Every integer is also a what. Option (A) a natural number, option
(B) a real number.
In this question, we need to
determine which of two different types of numbers is applicable to every
integer. We can start by recalling that the
integers means all of the whole numbers. That is the set of all the positive
whole numbers such as one, two, three, and so on, all of the negative whole numbers
such as negative one, negative two, negative three, and so on, and also zero. Similarly, we can recall that the
natural numbers are the set of nonnegative whole numbers, so they are the numbers
zero, one, two, three, and so on.
It is worth noting that some texts
do not include zero as a natural number; however, this will not affect the
question. We can see that negative one is a
whole number, so it is an integer. However, it is not a positive whole
number or zero, so negative one is not a natural number. Since we have found an integer that
is not a natural number, we can see that option (A) is incorrect since every integer
is not necessarily a natural number.
We can follow a similar process for
option (B).
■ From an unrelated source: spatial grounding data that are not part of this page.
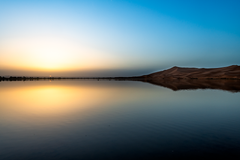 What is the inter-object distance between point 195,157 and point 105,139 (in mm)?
3464

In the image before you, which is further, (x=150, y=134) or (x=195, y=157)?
(x=150, y=134)

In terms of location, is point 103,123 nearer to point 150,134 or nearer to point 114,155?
point 150,134

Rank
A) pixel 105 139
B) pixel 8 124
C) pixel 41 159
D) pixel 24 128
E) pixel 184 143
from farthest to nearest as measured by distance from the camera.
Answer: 1. pixel 8 124
2. pixel 24 128
3. pixel 105 139
4. pixel 184 143
5. pixel 41 159

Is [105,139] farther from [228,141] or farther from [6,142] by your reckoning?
[228,141]

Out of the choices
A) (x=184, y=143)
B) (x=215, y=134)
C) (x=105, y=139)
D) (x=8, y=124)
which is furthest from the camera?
(x=8, y=124)

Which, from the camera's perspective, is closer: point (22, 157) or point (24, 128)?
point (22, 157)

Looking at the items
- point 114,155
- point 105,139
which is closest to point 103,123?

We start by recalling that the set
of real numbers is the union of the set of rational numbers and irrational
numbers. We can also recall that the set of
rational numbers is the set of all quotients of integers, that is, any number of the
form 𝑎 over 𝑏, where 𝑎 and 𝑏 are integers and 𝑏 is nonzero.
We can use this definition to show
that all integers are rational numbers. We know that dividing any integer
by one will not affect its value, so all integers can be written as the quotient of
two integers with a denominator of one. Thus, all integers are rational
Since the set of real numbers
includes all rational numbers, we can say that the set of integers is a subset of
the set of rational numbers, which in turn is a subset of the set of real
numbers. This means that all integers are
rational numbers and that they are also all real numbers, which is option (B).